Pero no. No ha hecho nada de todo eso. Ni él ha buscado a nadie, ni ha consultado con nadie, ni ha permitido que los demás lo hicieran. Con lo que ha abocado al PSOE a suplicarle que sea por séptima vez su «cabeza de cartel». De lo que él va a sacar un beneficio importante. Porque a ver quién es ahora el que se atreve a discutirle la composición de las candidaturas, o el programa electoral, o lo que sea. Y, si pierde las elecciones, todavía podrá decir: «¿Lo veis? Ya os avisé. Ya os dije que no tenía que ser yo». Con lo que -si gana porque gana, y si pierde porque pierde- él siempre tendrá razón. Y excusa para revalidar su liderazgo.
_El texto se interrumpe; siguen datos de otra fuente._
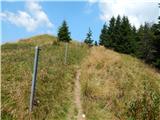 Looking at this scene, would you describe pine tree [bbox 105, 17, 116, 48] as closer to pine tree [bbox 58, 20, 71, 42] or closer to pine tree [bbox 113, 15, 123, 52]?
pine tree [bbox 113, 15, 123, 52]

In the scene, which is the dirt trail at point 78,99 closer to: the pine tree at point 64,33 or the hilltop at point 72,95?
the hilltop at point 72,95

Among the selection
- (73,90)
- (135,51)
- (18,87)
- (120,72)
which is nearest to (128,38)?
(135,51)

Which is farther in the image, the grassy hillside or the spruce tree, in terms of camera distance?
the spruce tree

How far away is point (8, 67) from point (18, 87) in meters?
2.89

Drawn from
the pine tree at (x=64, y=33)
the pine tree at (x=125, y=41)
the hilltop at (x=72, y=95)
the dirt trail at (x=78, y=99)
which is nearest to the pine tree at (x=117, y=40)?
the pine tree at (x=125, y=41)

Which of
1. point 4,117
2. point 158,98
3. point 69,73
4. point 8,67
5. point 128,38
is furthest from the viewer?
point 128,38

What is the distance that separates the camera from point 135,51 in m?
55.9

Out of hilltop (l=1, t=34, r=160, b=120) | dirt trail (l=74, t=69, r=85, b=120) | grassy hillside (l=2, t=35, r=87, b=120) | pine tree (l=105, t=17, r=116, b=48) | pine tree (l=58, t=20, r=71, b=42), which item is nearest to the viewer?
grassy hillside (l=2, t=35, r=87, b=120)

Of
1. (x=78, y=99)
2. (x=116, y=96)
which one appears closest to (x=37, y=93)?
(x=78, y=99)

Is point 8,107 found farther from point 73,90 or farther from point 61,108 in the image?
point 73,90

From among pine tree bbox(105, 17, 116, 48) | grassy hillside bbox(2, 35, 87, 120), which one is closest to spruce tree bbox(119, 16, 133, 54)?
pine tree bbox(105, 17, 116, 48)

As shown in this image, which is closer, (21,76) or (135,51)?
(21,76)

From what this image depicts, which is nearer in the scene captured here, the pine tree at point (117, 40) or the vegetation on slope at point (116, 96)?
the vegetation on slope at point (116, 96)

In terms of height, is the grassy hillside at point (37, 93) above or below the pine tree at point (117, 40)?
below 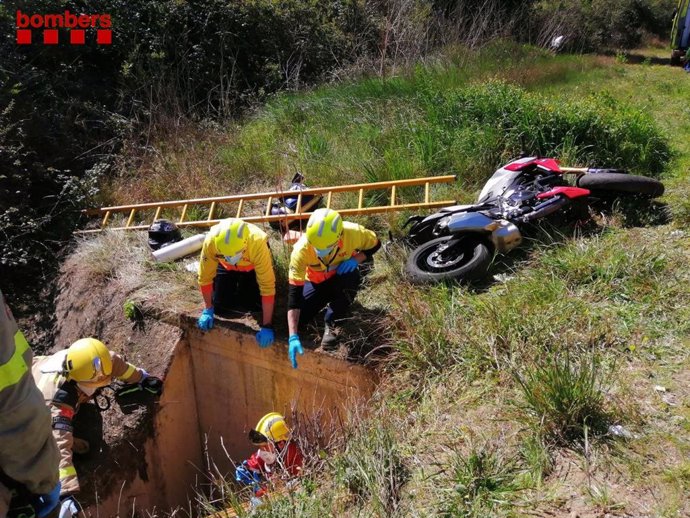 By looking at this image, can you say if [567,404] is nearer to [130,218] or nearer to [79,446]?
[79,446]

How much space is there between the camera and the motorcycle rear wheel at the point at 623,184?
204 inches

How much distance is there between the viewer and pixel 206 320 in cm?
504

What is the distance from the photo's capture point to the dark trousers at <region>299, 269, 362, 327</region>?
4688 millimetres

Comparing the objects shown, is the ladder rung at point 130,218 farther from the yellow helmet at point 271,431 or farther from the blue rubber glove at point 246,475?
the blue rubber glove at point 246,475

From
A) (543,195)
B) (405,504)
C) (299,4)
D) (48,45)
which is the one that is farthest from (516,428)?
(299,4)

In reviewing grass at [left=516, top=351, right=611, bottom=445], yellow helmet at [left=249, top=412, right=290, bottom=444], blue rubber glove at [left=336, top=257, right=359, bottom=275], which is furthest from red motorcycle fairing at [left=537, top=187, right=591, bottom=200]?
yellow helmet at [left=249, top=412, right=290, bottom=444]

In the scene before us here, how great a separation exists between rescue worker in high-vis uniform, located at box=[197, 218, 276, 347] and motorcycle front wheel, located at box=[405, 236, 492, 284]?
4.14ft

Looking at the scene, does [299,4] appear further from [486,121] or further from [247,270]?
[247,270]

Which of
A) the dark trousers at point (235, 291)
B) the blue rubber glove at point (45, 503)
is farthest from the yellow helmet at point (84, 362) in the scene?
the blue rubber glove at point (45, 503)

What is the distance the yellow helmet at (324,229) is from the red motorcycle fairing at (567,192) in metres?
2.01

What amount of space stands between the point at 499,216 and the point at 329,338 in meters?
1.92

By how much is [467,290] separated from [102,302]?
3.99m

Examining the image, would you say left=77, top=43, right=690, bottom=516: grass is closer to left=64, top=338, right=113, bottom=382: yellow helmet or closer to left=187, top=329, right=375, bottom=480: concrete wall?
left=187, top=329, right=375, bottom=480: concrete wall

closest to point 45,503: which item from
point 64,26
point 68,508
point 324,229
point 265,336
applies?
point 68,508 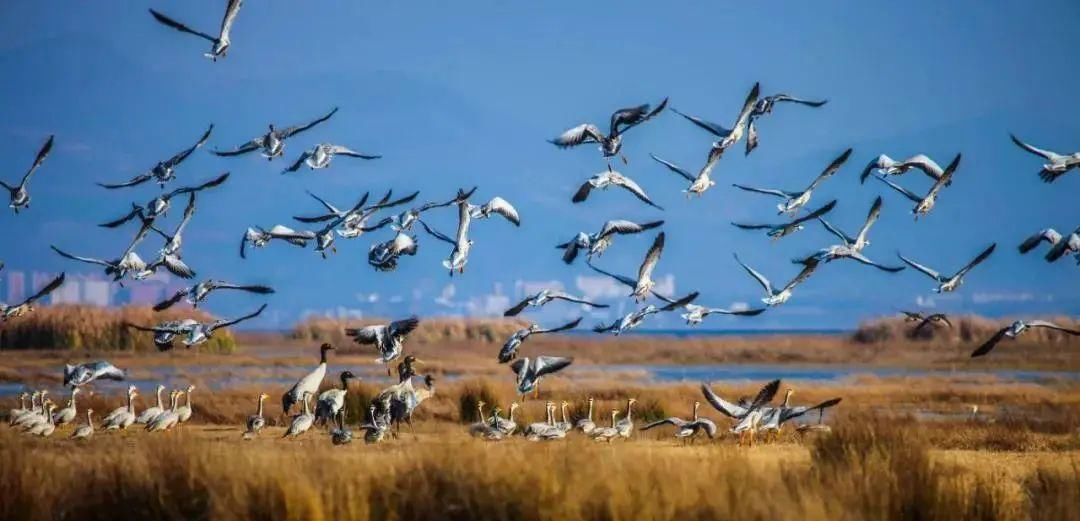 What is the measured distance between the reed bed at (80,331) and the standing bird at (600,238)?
29.4m

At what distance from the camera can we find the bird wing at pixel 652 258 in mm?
18516

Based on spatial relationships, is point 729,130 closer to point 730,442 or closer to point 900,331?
point 730,442

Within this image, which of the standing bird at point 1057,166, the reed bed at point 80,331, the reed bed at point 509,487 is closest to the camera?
the reed bed at point 509,487

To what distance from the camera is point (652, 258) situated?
18922mm

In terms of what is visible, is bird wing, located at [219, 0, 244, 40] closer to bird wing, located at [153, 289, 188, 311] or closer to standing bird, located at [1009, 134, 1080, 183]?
bird wing, located at [153, 289, 188, 311]

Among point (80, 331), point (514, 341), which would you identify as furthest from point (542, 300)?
point (80, 331)

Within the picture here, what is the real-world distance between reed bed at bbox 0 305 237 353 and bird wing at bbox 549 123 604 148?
2997 centimetres

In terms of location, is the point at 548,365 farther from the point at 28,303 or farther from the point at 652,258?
the point at 28,303

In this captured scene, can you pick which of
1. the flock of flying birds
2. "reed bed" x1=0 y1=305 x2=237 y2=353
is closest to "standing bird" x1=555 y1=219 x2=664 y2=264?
the flock of flying birds

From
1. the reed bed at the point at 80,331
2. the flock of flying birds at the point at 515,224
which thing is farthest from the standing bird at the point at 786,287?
the reed bed at the point at 80,331

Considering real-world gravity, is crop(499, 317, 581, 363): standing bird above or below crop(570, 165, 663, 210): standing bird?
below

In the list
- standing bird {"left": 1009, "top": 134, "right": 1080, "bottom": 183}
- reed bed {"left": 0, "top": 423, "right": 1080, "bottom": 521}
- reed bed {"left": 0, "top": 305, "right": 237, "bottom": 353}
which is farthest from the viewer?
reed bed {"left": 0, "top": 305, "right": 237, "bottom": 353}

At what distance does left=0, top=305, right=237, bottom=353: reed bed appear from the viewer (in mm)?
46938

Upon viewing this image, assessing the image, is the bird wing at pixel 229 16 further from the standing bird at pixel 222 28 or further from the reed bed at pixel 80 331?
the reed bed at pixel 80 331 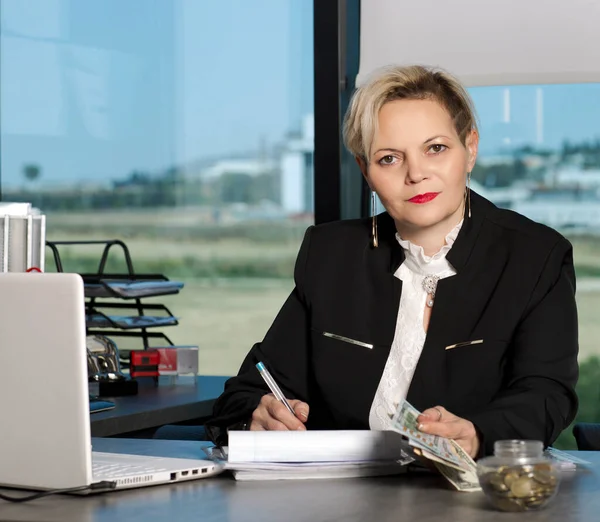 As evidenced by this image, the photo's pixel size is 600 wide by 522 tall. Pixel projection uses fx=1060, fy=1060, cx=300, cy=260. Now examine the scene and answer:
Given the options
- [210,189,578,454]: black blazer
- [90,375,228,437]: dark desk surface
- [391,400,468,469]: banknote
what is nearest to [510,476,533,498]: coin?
[391,400,468,469]: banknote

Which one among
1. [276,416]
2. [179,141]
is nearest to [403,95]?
[276,416]

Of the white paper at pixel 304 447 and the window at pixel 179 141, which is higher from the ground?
the window at pixel 179 141

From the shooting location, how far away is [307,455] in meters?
1.77

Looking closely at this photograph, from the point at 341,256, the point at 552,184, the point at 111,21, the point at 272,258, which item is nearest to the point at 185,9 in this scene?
the point at 111,21

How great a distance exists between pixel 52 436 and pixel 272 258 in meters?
3.24

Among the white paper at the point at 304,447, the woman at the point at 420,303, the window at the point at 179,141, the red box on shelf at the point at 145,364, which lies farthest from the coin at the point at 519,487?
the window at the point at 179,141

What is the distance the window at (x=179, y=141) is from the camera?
15.3ft

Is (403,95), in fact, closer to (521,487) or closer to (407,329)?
(407,329)

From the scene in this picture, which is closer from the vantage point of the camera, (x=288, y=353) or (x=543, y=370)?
(x=543, y=370)

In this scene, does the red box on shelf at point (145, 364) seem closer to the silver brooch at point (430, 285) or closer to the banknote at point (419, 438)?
the silver brooch at point (430, 285)

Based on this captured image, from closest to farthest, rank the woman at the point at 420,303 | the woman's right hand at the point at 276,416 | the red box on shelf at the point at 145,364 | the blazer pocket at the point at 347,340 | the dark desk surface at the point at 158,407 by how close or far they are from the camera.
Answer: the woman's right hand at the point at 276,416 < the woman at the point at 420,303 < the blazer pocket at the point at 347,340 < the dark desk surface at the point at 158,407 < the red box on shelf at the point at 145,364

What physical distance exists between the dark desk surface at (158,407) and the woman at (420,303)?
0.49 m

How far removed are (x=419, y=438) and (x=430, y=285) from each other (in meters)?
0.70

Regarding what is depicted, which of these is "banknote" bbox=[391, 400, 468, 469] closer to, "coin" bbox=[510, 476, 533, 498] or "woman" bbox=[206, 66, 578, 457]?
"coin" bbox=[510, 476, 533, 498] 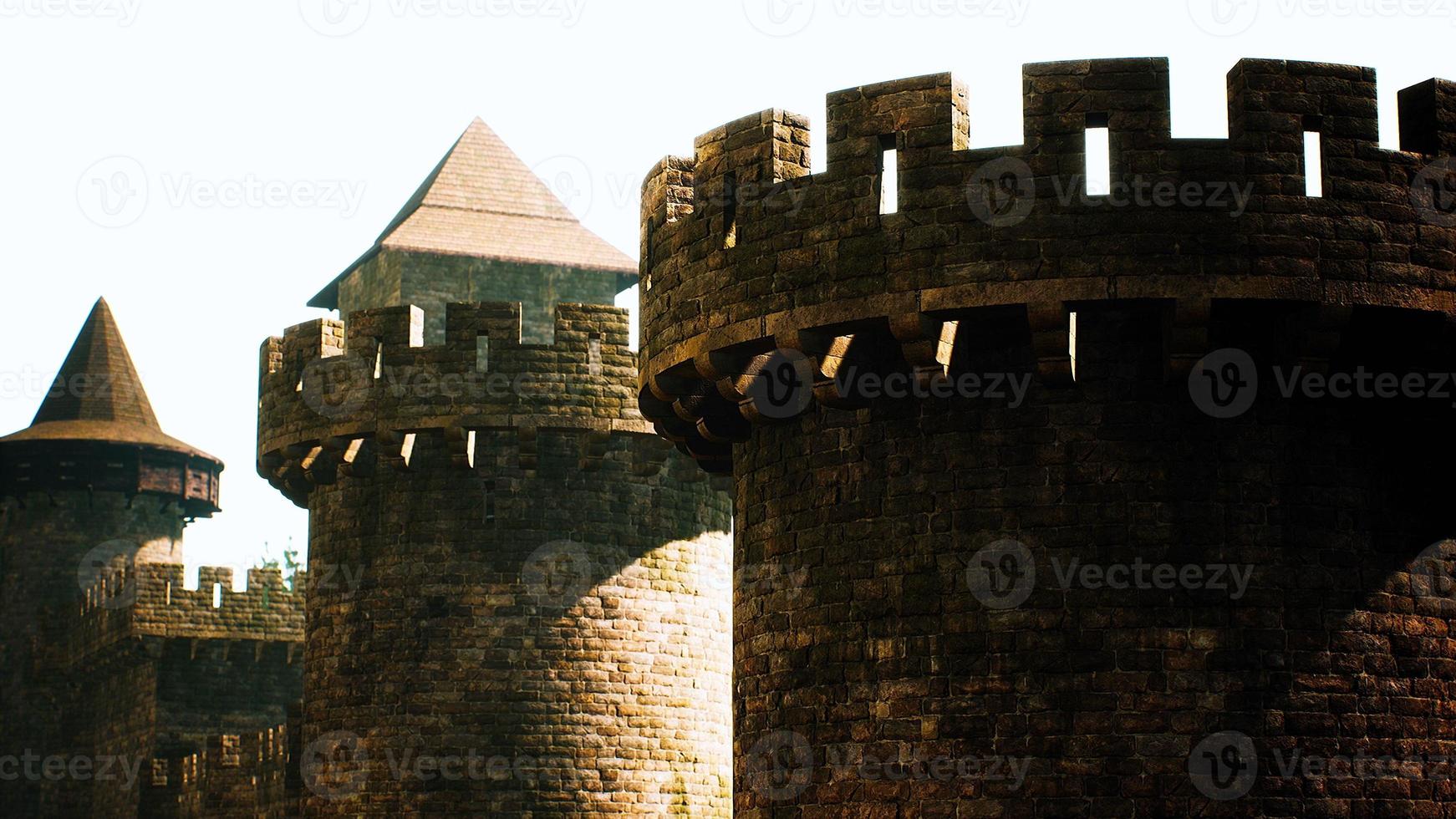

Quien queda en una posición de auténtico bochorno es el PSOE: ese partido que se ha pasado meses tratando de disimular que estaba en manos de un sólo hombre diciendo primero que no se planteaba la sucesión porque había tiempo de sobra para hacerlo, y luego que no se la planteaba porque ya no había tiempo para ello. Cualquier parecido entre lo ocurrido y cómo deberían hacerse las cosas en una organización dirigida de modo colegiado -o sea, democráticamente- es pura coincidencia. Que después de más de veinte años, contados desde Suresnes, el PSOE carezca de recambio para su líder máximo, clama al cielo. No lo tienen quienes están en sintonía política con él, y tampoco quienes critican sus opciones principales, como los guerristas.

Lo que se escenificó ayer en Ferraz fue una comedia dentro de una farsa. En medio de una situación que ya era de cartón piedra -«Tenemos más de un centenar de candidatos mejores que Aznar», presumía Ciscar-, González representó el papel del aspirante malgré lui. ¿Qué ocurrió? ¿Que no fue capaz de convencer a los suyos, y que éstos lo han elegido porque, por vez primera, disienten de su análisis de la realidad?

Fue teatro dentro del teatro, como en Hamlet. Pero de risa. Un Hamlet de sainete.